Absolutely... I get that, but its only functional for non-optimised code.
My point is that for anything non-trivial, its not going to be terribly useful. You're still gonna need to understand what really is going on, optimisers mangle the code out of all recognisability for this decompiler.
Unless the Assembly is using clever tricks like code rewriting, it is always possible to at very least decompile into some form of pseudo-code.
Just the fact of giving symbolic names to memory addresses and replacing Assembly opcodes by more meaningful instructions can make wonders trying to understand some code.
I disagree... inlining will remove all evidence that a function call existed. loop unrolling will remove all evidence that a loop existed (potentially).
Those are basic optimisations, comiplers will transform the code out of all recognisability for a decompiler to be worthwhile.
There's an enormous community of people who spend all their time worrying about the contents or behavior of Windows binaries. I've met some of them through my work, like malware analysts who deal with malware that's part of phishing attacks. The phishers will often prefer to create Windows-only attacks because Windows has such a commanding market share lead among most populations of phishing targets; in turn, that's what the people trying to defend against or mitigate those attacks will study.
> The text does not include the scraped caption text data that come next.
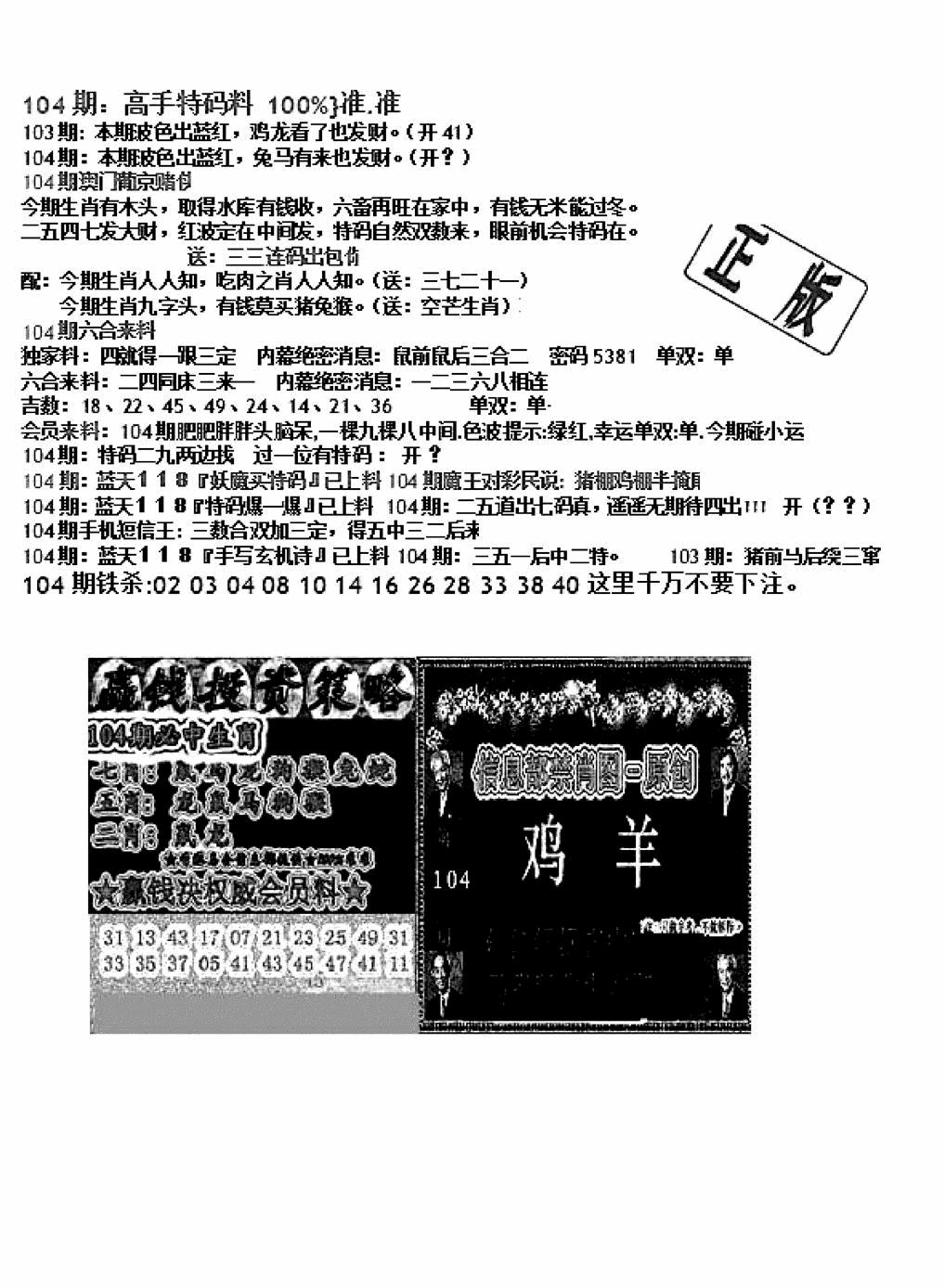 六合彩104期双龙报B(新图)(黑白)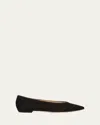 Gianvito Rossi Suede Ballerina Flats In Almond Leopard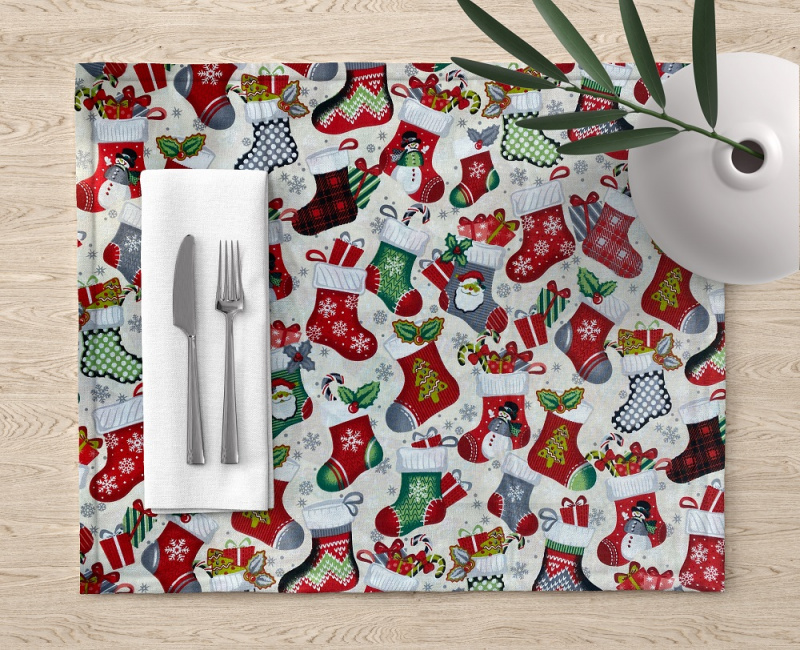 Ervi bavlněné prostírání na stůl - Vánoční ponožky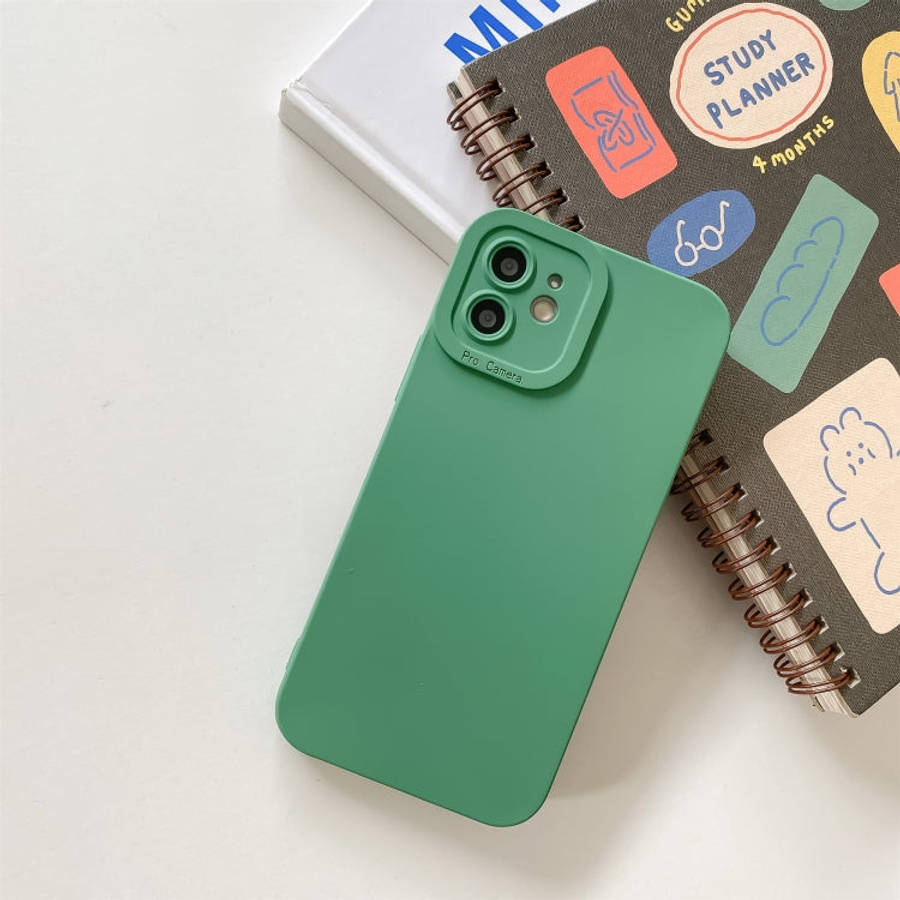 Straight-Edge Solid Color Liquid Silicone Shockproof Full Coverage Protective Case, For iPhone 11...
To folks in that sort of field, "binary" is virtually synonymous with "Windows binary"!
I guess also historically most of the tools for creating, modifying, and examining binaries for a given platform have been native to that platform, rather than cross tools. That's surely because most people (with the exception of embedded developers) do much more native development than cross development. I can get a small number of packages on my Linux machine that will deal with Windows executables in some relatively shallow way, but I have tons of programs already installed that do complicated and specific things to Linux ELF binaries even though I don't typically use those programs on a day-to-day basis.